Saved entries
━━━━━━

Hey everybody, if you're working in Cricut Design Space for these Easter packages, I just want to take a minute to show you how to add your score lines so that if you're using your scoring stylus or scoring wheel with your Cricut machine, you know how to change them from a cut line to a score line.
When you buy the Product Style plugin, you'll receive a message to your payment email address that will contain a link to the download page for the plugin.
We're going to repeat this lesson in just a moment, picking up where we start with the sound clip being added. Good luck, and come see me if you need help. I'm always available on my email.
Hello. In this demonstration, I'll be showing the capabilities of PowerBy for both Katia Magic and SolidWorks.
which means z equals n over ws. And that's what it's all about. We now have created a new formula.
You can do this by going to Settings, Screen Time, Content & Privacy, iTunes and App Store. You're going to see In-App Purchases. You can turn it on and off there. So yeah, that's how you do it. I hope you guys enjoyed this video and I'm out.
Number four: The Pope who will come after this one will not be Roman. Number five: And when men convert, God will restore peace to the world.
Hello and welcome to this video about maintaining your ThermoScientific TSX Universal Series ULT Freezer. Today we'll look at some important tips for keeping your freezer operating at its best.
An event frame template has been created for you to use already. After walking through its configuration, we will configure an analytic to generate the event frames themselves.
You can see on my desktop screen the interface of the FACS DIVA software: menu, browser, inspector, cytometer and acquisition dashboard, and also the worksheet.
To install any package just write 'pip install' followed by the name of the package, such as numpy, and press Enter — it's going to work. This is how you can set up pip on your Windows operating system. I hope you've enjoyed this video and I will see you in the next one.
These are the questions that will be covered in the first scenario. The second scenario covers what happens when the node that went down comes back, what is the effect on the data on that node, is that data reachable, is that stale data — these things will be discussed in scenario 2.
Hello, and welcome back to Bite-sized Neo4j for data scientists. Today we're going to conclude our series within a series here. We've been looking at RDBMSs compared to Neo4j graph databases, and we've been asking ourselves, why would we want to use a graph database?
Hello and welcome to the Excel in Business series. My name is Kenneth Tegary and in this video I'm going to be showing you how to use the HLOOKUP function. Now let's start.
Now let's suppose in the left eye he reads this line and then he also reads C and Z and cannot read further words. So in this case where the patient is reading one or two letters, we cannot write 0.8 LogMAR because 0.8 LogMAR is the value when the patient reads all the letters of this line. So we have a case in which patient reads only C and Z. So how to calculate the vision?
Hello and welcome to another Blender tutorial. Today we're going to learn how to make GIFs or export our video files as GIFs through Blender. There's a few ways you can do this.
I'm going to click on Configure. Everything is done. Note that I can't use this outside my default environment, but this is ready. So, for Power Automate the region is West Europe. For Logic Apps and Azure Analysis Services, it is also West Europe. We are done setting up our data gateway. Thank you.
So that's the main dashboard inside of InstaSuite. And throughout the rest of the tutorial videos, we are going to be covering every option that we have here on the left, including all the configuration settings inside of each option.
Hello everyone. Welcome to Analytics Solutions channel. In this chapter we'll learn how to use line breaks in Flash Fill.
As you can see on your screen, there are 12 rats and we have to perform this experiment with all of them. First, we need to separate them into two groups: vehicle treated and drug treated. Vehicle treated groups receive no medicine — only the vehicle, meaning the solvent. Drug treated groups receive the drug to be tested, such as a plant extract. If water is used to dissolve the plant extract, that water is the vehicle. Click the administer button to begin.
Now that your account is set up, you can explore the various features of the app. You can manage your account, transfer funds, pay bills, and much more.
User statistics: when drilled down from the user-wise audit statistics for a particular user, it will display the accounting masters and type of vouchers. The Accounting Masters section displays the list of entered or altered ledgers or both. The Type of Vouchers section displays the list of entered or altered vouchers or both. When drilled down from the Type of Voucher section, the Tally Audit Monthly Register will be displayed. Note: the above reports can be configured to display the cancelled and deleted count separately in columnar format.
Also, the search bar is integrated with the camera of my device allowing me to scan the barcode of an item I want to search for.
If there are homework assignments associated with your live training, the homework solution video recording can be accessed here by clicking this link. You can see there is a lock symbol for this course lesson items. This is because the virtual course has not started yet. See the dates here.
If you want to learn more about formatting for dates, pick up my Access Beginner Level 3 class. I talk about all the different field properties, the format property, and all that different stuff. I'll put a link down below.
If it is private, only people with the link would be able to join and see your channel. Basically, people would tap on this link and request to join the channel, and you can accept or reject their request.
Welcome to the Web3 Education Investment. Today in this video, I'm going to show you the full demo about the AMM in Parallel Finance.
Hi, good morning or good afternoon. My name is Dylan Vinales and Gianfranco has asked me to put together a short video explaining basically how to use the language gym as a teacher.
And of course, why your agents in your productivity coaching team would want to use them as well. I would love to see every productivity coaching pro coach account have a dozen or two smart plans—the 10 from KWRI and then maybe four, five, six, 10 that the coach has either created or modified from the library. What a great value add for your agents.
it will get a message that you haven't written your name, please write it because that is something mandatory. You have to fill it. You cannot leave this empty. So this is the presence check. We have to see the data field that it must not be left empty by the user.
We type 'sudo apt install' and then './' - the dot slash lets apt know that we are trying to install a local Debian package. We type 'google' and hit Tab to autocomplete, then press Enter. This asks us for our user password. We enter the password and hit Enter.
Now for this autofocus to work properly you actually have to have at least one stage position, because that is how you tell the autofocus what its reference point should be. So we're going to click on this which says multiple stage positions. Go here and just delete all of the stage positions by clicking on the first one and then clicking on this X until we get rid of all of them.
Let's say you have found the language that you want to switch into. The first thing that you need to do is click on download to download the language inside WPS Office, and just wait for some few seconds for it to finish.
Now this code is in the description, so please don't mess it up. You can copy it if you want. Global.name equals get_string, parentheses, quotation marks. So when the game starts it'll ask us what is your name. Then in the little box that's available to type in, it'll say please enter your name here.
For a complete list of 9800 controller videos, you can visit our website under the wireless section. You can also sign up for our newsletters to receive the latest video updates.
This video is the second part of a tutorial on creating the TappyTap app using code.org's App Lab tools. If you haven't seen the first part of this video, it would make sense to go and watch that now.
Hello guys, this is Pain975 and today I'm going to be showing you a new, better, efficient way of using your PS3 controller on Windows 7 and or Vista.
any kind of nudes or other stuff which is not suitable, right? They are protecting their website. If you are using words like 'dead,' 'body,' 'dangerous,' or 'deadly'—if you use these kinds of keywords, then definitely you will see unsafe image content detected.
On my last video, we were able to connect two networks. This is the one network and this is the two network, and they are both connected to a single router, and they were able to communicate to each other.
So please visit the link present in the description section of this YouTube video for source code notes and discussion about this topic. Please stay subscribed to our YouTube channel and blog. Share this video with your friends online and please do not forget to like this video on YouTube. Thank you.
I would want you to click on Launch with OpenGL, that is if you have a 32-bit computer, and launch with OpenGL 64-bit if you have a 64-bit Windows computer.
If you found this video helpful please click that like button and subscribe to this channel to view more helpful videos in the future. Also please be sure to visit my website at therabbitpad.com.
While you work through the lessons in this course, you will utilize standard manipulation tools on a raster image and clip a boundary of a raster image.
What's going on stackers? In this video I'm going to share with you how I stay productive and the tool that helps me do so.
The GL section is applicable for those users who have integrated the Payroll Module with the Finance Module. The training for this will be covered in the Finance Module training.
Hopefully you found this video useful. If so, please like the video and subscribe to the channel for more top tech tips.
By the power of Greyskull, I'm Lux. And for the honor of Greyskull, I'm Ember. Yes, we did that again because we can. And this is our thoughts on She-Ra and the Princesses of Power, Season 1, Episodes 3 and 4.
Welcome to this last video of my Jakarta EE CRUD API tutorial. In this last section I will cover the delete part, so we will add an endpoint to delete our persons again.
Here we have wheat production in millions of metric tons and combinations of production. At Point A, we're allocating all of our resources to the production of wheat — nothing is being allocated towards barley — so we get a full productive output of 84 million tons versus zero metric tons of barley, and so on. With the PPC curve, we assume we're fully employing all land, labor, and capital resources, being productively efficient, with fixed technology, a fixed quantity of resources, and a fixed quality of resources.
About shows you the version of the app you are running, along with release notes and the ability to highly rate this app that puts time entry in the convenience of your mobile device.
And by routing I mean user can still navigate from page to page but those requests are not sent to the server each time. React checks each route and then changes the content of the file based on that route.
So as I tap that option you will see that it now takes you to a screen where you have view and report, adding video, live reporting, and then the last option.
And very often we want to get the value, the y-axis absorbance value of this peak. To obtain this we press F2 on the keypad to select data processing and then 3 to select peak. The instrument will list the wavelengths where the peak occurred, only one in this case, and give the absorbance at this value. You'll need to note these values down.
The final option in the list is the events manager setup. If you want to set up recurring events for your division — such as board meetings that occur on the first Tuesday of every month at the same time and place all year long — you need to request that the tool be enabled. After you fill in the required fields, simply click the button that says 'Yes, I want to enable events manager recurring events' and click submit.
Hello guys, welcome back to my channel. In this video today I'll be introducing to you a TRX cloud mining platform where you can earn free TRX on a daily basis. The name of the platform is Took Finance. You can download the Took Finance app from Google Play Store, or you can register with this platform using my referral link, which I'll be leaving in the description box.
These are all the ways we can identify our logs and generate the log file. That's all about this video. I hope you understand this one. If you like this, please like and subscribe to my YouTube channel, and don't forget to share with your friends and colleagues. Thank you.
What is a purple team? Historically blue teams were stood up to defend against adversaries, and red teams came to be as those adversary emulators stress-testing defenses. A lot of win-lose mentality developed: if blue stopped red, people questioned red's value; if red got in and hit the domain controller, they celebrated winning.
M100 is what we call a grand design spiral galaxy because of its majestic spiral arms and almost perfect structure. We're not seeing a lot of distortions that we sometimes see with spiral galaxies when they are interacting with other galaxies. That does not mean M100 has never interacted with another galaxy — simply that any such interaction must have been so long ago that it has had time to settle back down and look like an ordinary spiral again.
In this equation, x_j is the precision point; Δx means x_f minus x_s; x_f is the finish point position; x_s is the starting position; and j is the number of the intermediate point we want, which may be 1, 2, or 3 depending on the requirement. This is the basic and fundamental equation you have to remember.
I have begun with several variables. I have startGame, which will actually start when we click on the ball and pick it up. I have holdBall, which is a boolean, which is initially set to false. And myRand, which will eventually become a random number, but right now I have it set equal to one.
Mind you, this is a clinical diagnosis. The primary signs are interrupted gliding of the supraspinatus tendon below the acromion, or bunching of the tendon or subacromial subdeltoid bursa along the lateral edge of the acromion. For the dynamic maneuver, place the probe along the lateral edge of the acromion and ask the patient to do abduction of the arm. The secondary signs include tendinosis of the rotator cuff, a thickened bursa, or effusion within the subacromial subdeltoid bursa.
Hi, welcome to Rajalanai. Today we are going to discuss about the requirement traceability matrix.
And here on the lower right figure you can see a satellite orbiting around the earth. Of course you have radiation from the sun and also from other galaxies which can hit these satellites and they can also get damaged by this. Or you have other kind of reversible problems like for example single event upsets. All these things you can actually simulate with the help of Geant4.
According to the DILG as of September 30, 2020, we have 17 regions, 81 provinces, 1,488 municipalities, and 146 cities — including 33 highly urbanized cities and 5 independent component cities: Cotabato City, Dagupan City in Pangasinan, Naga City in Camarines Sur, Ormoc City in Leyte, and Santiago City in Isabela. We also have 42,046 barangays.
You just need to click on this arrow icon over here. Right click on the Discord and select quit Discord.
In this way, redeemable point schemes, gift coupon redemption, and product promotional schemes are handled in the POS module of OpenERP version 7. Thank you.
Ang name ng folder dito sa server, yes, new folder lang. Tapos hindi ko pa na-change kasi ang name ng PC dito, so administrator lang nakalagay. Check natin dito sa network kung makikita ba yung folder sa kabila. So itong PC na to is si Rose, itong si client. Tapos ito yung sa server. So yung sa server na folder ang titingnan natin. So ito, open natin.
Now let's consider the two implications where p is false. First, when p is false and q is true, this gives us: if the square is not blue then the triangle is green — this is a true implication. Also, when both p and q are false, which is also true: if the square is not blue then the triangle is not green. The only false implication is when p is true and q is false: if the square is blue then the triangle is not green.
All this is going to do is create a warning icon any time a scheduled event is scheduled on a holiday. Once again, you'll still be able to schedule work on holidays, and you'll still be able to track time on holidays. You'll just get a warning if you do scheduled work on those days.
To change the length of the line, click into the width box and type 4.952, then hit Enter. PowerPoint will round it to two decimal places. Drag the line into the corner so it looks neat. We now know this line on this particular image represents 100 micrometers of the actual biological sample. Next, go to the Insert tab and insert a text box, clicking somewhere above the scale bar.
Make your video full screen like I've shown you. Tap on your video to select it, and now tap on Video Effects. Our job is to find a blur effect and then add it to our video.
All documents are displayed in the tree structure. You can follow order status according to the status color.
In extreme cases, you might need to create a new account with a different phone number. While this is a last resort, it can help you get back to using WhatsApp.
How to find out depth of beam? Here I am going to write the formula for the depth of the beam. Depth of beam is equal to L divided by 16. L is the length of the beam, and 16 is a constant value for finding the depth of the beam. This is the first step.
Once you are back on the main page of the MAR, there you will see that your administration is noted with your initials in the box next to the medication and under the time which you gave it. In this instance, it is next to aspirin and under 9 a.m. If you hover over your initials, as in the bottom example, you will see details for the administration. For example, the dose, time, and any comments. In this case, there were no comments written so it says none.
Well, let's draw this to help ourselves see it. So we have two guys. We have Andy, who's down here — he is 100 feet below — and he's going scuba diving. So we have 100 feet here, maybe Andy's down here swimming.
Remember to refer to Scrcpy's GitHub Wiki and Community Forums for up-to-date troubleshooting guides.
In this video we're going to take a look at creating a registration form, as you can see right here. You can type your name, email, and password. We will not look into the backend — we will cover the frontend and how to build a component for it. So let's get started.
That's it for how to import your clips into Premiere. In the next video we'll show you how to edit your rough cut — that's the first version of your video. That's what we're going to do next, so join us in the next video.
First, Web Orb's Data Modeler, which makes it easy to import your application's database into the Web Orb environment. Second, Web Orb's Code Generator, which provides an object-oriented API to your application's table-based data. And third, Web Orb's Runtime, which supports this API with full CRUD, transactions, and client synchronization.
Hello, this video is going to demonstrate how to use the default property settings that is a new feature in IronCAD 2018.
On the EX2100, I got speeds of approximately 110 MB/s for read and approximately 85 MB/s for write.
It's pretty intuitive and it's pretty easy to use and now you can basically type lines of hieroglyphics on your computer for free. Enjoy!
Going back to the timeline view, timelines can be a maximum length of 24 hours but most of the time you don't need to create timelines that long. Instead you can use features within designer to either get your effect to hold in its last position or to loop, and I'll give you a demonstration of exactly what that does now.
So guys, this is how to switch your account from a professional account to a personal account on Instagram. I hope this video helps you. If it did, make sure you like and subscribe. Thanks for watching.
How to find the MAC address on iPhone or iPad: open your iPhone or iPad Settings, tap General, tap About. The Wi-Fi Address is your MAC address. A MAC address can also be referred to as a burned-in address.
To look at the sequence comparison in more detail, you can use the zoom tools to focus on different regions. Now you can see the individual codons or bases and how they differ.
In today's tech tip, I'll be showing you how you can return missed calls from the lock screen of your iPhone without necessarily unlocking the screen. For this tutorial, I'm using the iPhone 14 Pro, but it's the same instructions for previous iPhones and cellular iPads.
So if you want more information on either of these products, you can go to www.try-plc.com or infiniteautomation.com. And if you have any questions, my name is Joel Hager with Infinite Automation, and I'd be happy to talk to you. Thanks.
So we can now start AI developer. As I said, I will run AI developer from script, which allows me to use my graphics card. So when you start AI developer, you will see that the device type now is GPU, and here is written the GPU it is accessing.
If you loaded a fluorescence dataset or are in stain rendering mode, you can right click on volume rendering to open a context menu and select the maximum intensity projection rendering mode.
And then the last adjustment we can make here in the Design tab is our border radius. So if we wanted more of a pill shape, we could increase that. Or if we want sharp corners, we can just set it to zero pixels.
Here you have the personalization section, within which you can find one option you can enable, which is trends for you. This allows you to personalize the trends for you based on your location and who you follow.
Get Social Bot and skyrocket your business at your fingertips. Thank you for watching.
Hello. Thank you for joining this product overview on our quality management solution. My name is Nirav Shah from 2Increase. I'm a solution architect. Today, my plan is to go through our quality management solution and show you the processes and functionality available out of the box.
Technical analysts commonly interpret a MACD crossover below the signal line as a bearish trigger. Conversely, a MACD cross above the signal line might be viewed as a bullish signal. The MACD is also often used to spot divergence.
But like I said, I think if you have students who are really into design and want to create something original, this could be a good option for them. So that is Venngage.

━━━━━━

WHAT THE EXERCISE ASKS: Your answer should consist solely of the lines above from the line with "These are all" to the line with "M100 is what", both included, reproduced exactly.

SOLUTION FOR THIS EXERCISE:
These are all the ways we can identify our logs and generate the log file. That's all about this video. I hope you understand this one. If you like this, please like and subscribe to my YouTube channel, and don't forget to share with your friends and colleagues. Thank you.
What is a purple team? Historically blue teams were stood up to defend against adversaries, and red teams came to be as those adversary emulators stress-testing defenses. A lot of win-lose mentality developed: if blue stopped red, people questioned red's value; if red got in and hit the domain controller, they celebrated winning.
M100 is what we call a grand design spiral galaxy because of its majestic spiral arms and almost perfect structure. We're not seeing a lot of distortions that we sometimes see with spiral galaxies when they are interacting with other galaxies. That does not mean M100 has never interacted with another galaxy — simply that any such interaction must have been so long ago that it has had time to settle back down and look like an ordinary spiral again.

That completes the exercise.